HOW TO COMPLETE THIS TASK: The result should be an exact copy of only the lines from the one with "Casual Men's Long" through the last line of the data below, with pictures omitted.

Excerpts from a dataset
▼
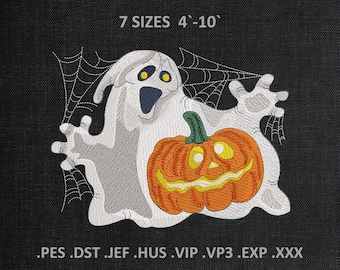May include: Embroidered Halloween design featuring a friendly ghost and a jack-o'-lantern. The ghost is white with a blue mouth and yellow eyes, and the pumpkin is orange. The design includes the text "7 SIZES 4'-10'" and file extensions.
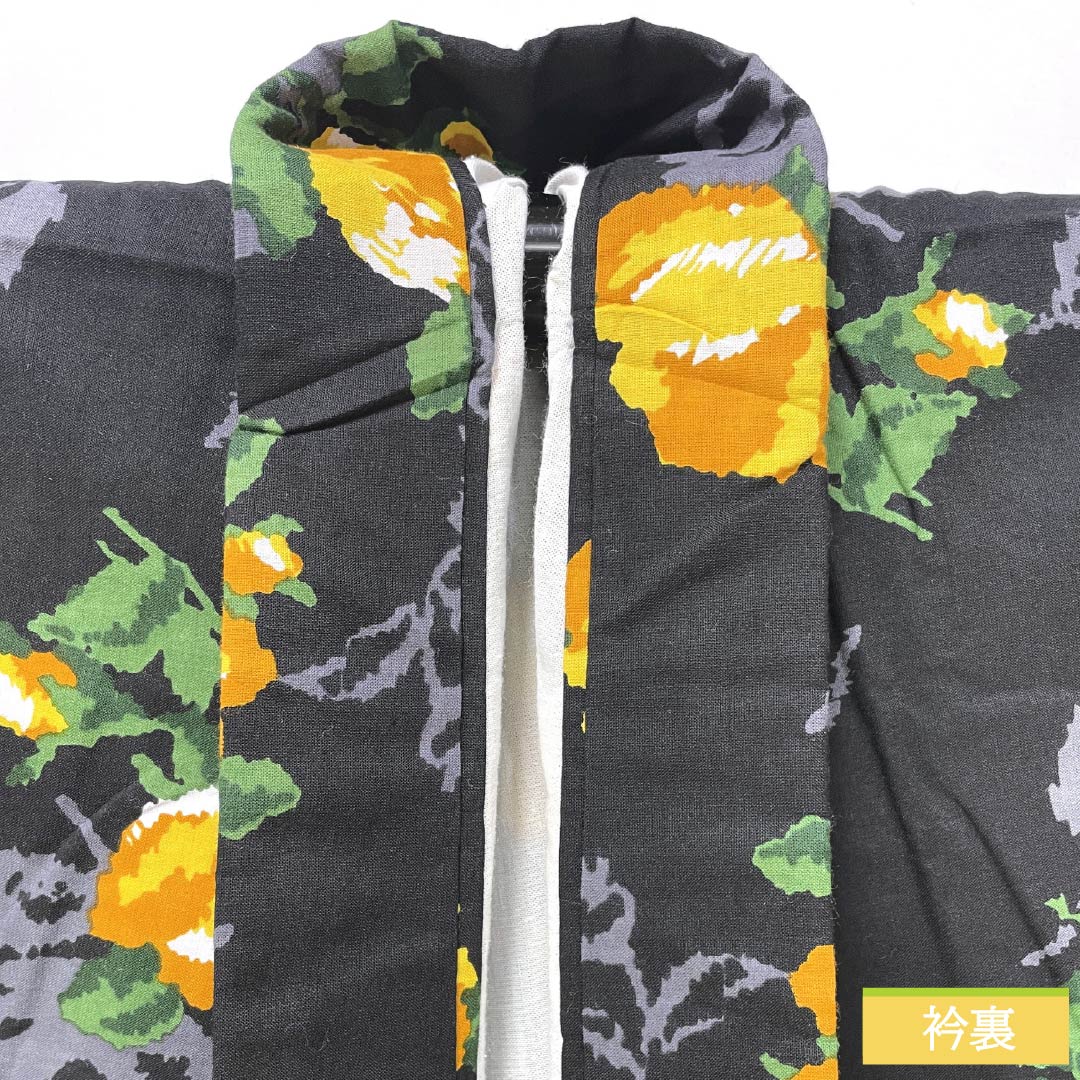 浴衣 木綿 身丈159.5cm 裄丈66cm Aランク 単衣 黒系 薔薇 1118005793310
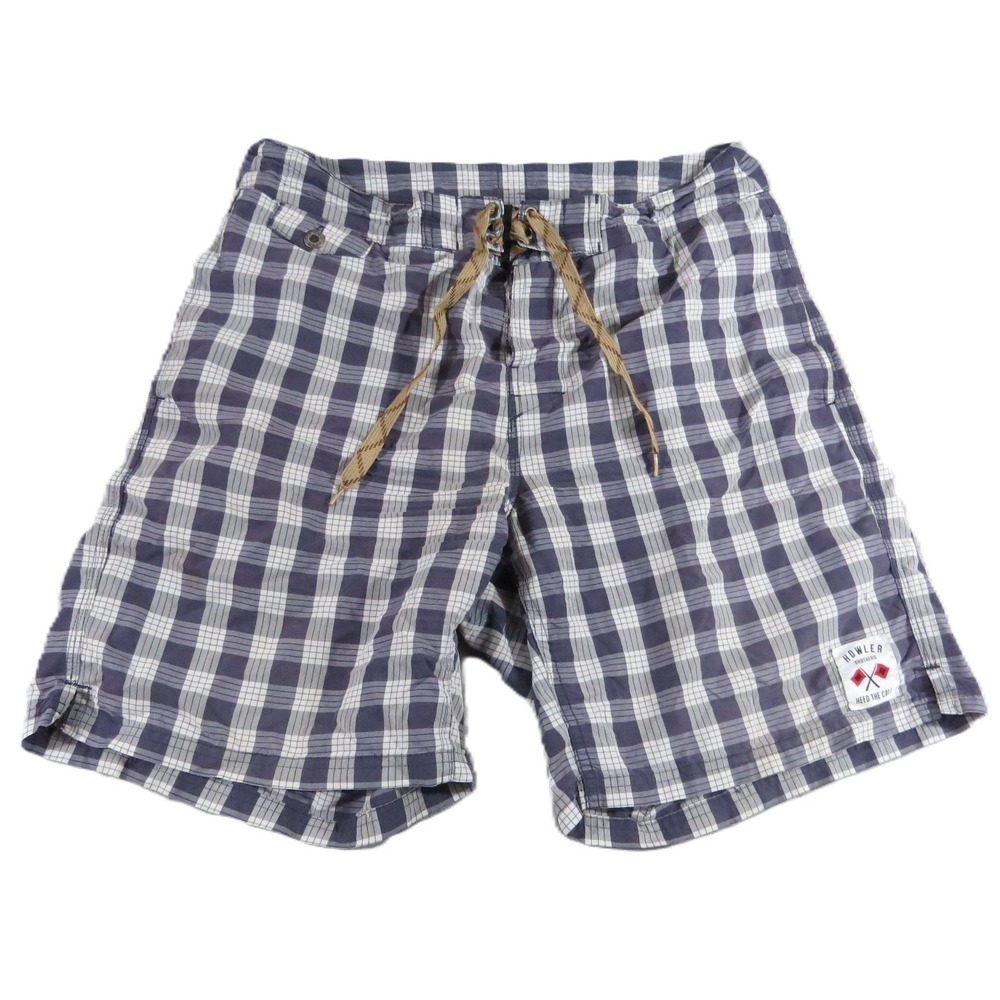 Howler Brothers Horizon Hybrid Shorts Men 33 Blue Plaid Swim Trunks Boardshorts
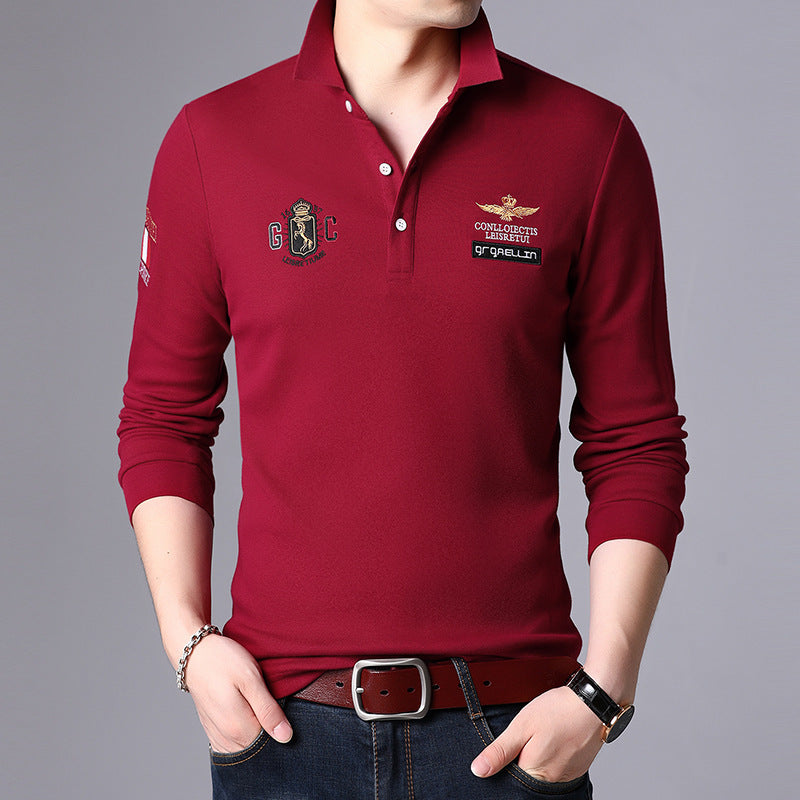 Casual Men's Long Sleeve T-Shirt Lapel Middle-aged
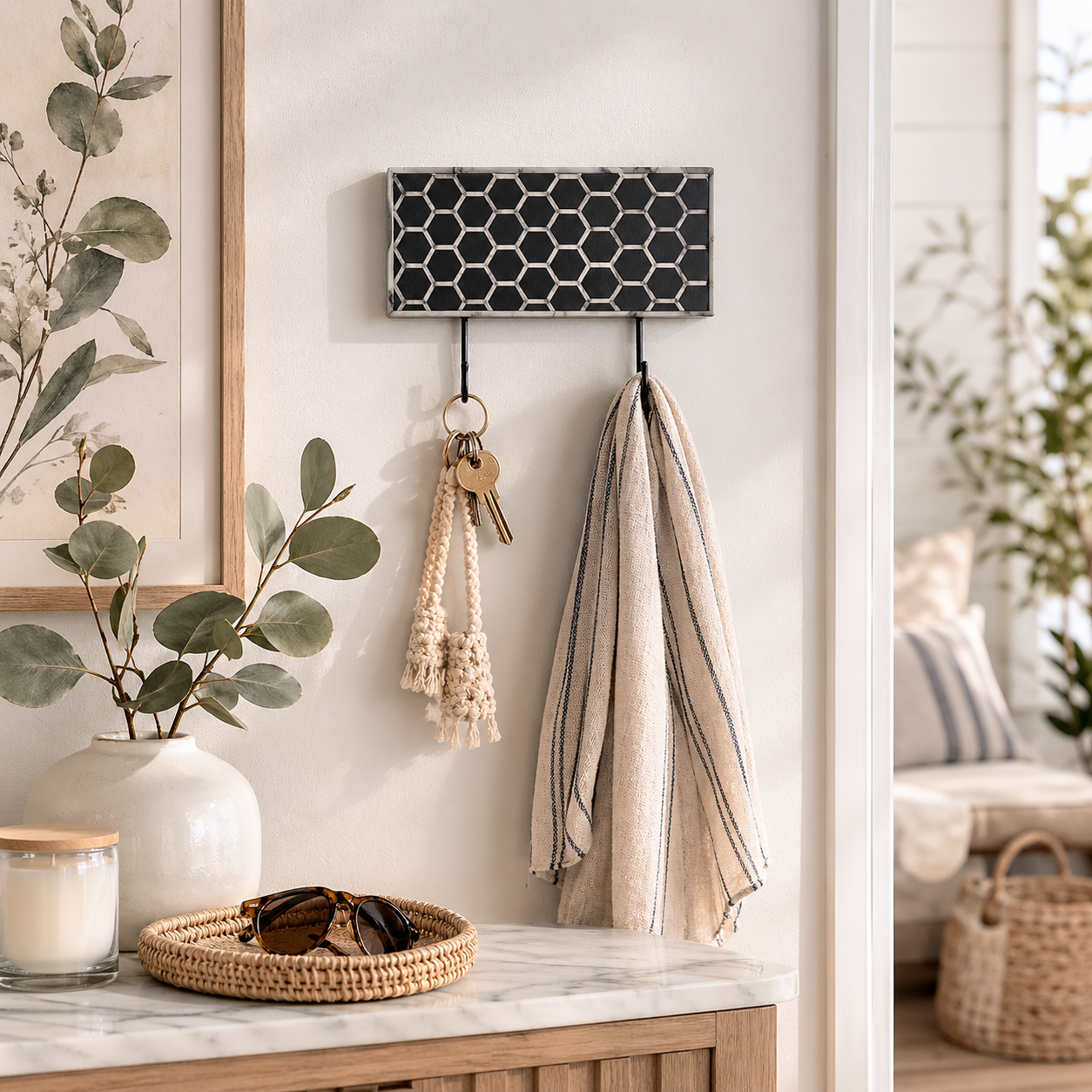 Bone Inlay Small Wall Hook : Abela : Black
▲
EXPECTED OUTPUT:
 Casual Men's Long Sleeve T-Shirt Lapel Middle-aged
 Bone Inlay Small Wall Hook : Abela : Black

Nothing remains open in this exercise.